Il n’exerçait aucune violence à l’encontre de quiconque.
Il ne défendait pas de petits et sordides intérêts financiers.
Il militait pour une cause qui nous dépasse tous : la pérennité de la Nature.
A l’époque, quelques maïssiculteurs en mal d’irrigation offraient à une société d’aménagement de retenues collinaires et à un conseil départemental du même bord politique une occasion de profits en artificialisant un ruisseau où devait être créé un bassin de rétention.
Les dirigeants politiques choisirent la confrontation brutale avec les opposants et donc le meurtre d’un innocent pour étouffer une idée.
Les dirigeants politiques, parce que médiocres, témoignent plus de sympathies à ceux qui cassent pour garnir leurs tiroirs caisses qu’à ceux qui se mobilisent pour défendre la viabilité de la Terre et l’intérêt général.
Un homme qui porte une idée fait plus peur qu’un homme qui pense à son portefeuille.
Parlons argent, puisqu’il n’y a que cela qui les intéresse.
La France reçoit pour les agriculteurs neuf milliards par an dans le cadre de la politique agricole commune européenne.
Cela représente 22.500 euros par an par exploitation agricole.
Bien sûr, ces aides substantielles (tous les salariés ne perçoivent pas 22.500 euros de revenu annuel) sont trop mal réparties.
Certains exploitants s’enrichissent confortablement, pendant que d’autres n’obtiennent que des miettes, un ruissellement du banquet des profiteurs de primes.
Alors, très démagogiquement, le discours officiel vise à faire payer le consommateur dont les ressources sont plus proches de celles du petit paysan que du grand céréalier et qui lui ne dispose ni de puissants tracteurs pour barrer les routes, ni d’un ministère à ses ordres, ni de la pusillanimité des gouvernants « plaçant l’agriculture au-dessus de tout »

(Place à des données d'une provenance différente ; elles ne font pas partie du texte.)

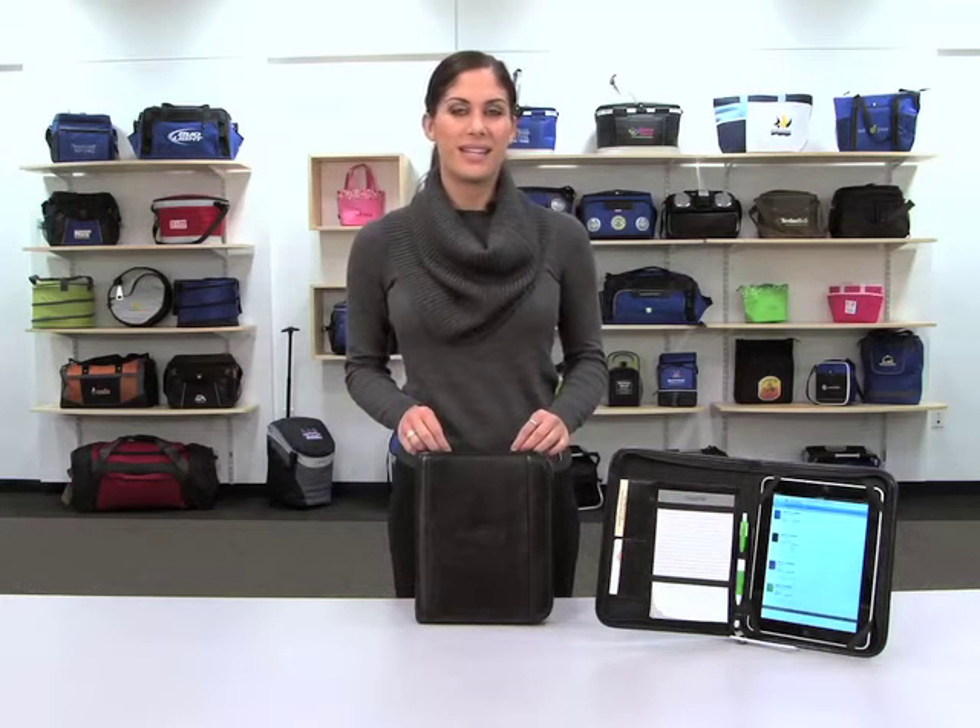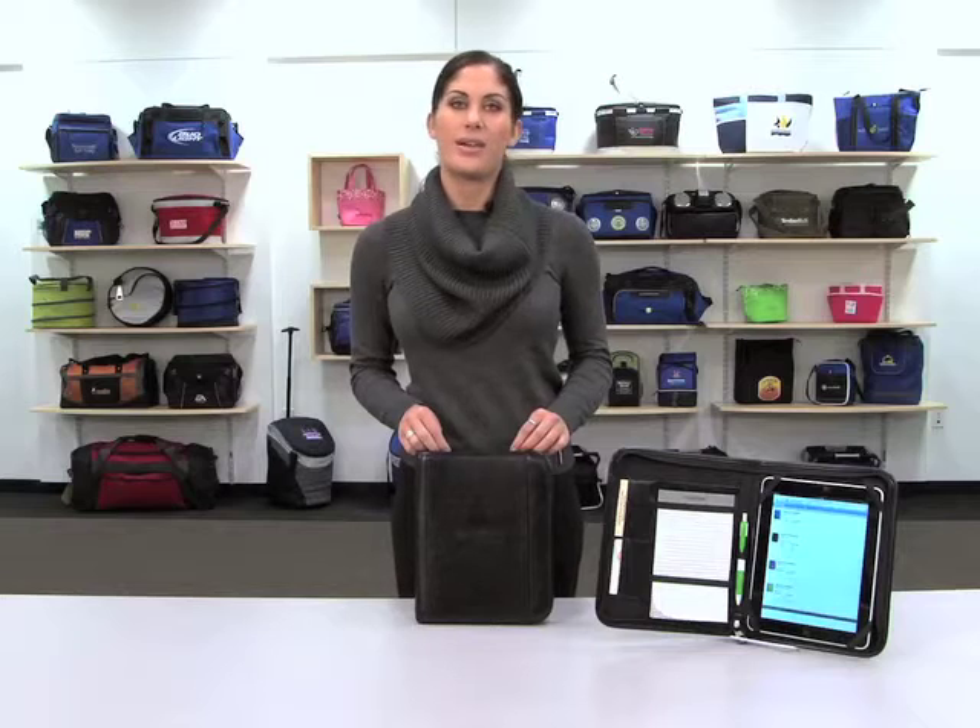Hello, I'm Melanie from Gemline Sales. I'm here to present the deluxe leather wired e-pad folio.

Que le monde agricole commence à mieux répartir l’argent public massivement investi en soutien à son activité spécifique.
L’agriculture intensive et concentrationnaire aboutit à un résultat remarquable : la disparition des fermes.

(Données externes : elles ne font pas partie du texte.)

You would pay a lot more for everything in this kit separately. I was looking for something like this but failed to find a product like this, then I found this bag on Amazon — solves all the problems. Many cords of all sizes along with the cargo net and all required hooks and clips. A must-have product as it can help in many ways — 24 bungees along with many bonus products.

Ce ne sont point les normes sanitaires et écologiques qui pèsent sur les agriculteurs mais un productivisme forcené.
Si le consommateur peine à bien se nourrir, ce n’est pas faute de produits alimentaires à sa disposition, mais en raison de l’inflation, du coût croissant de l’alimentation dont la qualité toxicologique s’altère avec les biocides.
La solution ?
La politique agricole commune doit s’orienter vers une production de qualité, compatible avec la préservation de la Nature, à un coût compatible avec les intérêts du public, le tout compensé par des aides publiques aux agriculteurs en rémunération de leurs engagements envers la biodiversité et la santé.
Cette proposition va à l’inverse de ce que réclame l’agro-industrie qui manipule les exploitants en leur faisant défendre des intérêts très privés qui ne sont pas ceux de la majorité d’entre eux.
En réponse aux barrages de routes et aux souillures d’édifices publics, le pusillanime gouvernement poursuit la course à l’artificialisation, à la pollution des eaux, à la mécanisation à outrance, avec curages de ruisseaux désastreux pour la biodiversité, qui accentueront l’assèchement des sols, le tout sans contrôle, sans frein pour les abus et les violations d’un droit de plus en plus menacé en ce pays.
Une dérive réactionnaire de fond compromet la prévalence du droit, c’est-à-dire les garanties pour les humains d’être respectés par-delà les caprices, les lâchetés, les pressions des gouvernants.
Socialement, écologiquement, l’intérêt public est perdant en lecture des mesures concédées par l’état à la FNSEA qui en demandera toujours davantage.
Pour échapper à la désinformation, aux miasmes de pesticides et de carburants détaxés, au lisier et au cadavre de sanglier éviscéré devant la préfecture d’AGEN, pensons à Rémi FRAISSE.
Il nous invite à regarder vers les sommets où l’air devient plus respirable.